TASK GOAL. Would you please copy exactly the line with "Kvinna Vid Fyrfat" and all lines that follow it in the data below, through the last one?

DATA EXTRACT.
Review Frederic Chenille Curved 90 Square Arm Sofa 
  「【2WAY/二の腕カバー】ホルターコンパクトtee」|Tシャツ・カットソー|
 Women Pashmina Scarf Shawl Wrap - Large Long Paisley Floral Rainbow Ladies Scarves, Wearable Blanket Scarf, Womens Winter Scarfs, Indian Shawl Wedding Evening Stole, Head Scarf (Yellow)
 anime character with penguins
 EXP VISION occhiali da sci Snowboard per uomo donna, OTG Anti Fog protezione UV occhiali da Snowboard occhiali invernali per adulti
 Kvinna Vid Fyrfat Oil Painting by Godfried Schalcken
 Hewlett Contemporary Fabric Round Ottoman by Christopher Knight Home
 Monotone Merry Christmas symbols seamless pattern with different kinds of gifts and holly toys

COMPLETED TASK.
 Kvinna Vid Fyrfat Oil Painting by Godfried Schalcken
 Hewlett Contemporary Fabric Round Ottoman by Christopher Knight Home
 Monotone Merry Christmas symbols seamless pattern with different kinds of gifts and holly toys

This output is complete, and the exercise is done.